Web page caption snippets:
-------------------------

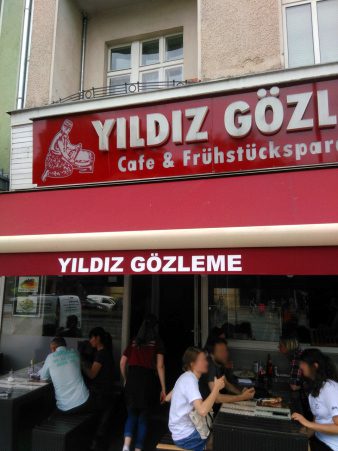 yildiz-gc3b6zleme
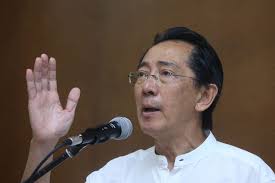 It is hoped that all the draconian laws and/or the provisions will either be abolished or amended to ensure that ours will be a nation that is truly governed by the rule of law. 100 Days On Since Pakatan Harapan Took Over Malaysia Have They Fared Well Go Jek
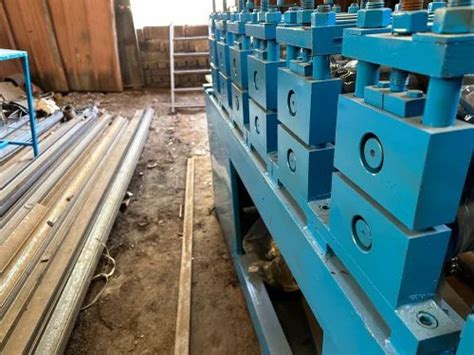 Image result for Pop Channel Machine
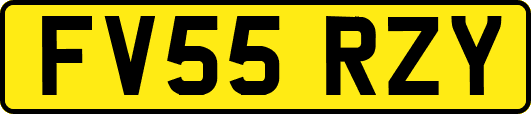 FV55RZY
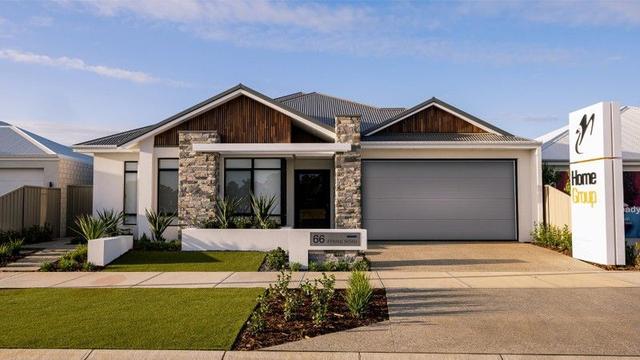 66 Atkins  Road, WA 6230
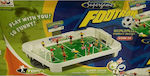 Plastic Football Tabletop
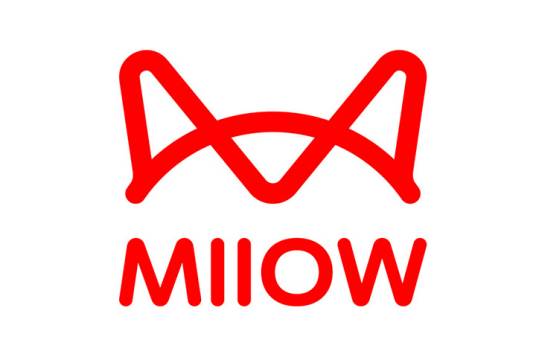 猫人(科技内衣品牌)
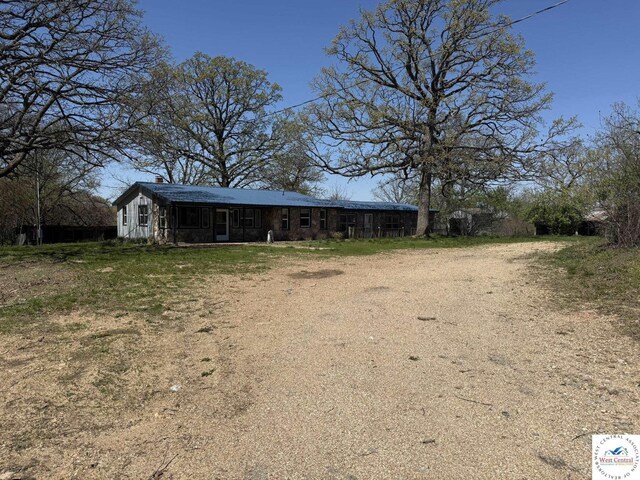 151 State Road Ff Rd, Edwards, MO 65326
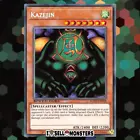 Kazejin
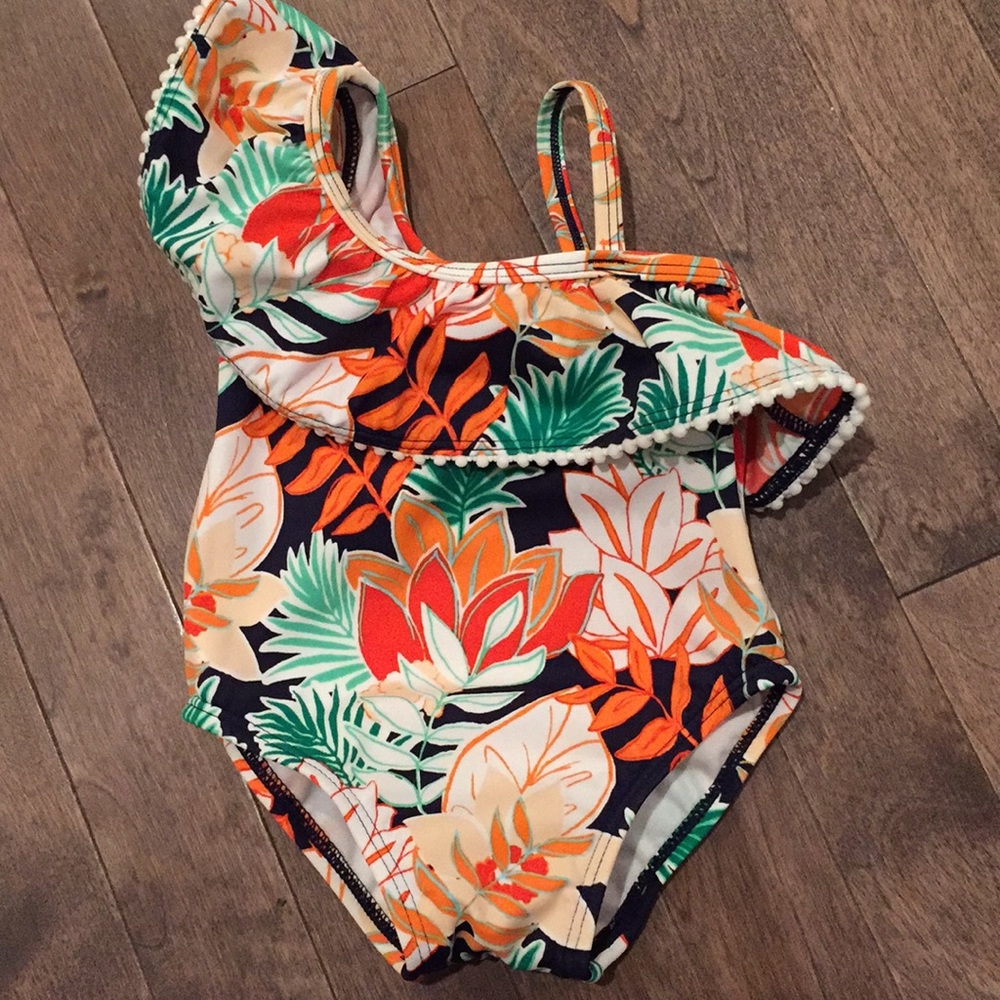 Baby Swim/ comes with free knee pads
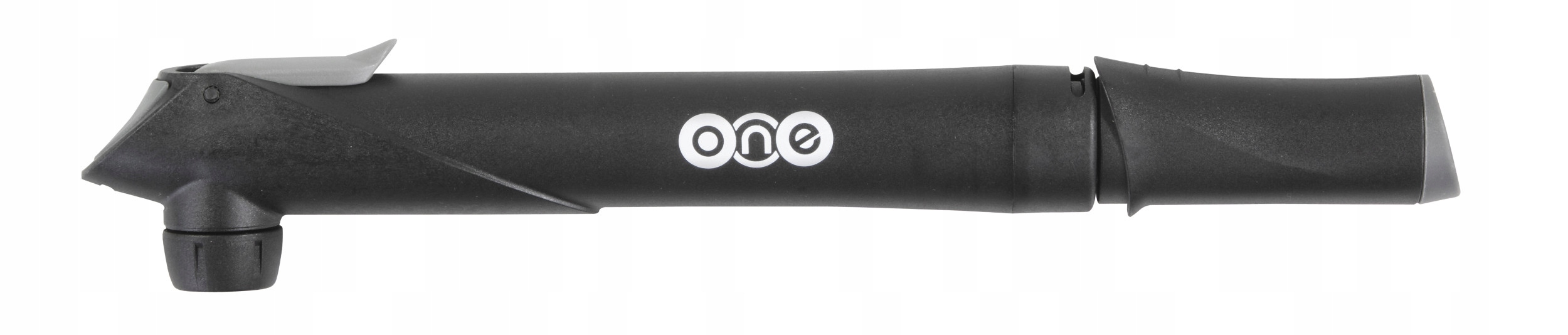 Pompka One Air 1.0 Av DV 5,5 bar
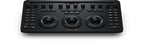Black Magic BMD-DV/RES/AAAPNLMIC/DE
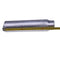 Receiver Drier 4333461 for John Deere Excavator 200CLC 210 225CLC 230CLC 270CLC 370C 75C 80C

-------------------------

● YOUR ASSIGNMENT:
From the line that contains "Black Magic BMD-DV/RES/AAAPNLMIC/DE" through the last line of the entries, transcribe every line exactly, leaving out the pictures.

● TASK OUTPUT:
Black Magic BMD-DV/RES/AAAPNLMIC/DE
 Receiver Drier 4333461 for John Deere Excavator 200CLC 210 225CLC 230CLC 270CLC 370C 75C 80C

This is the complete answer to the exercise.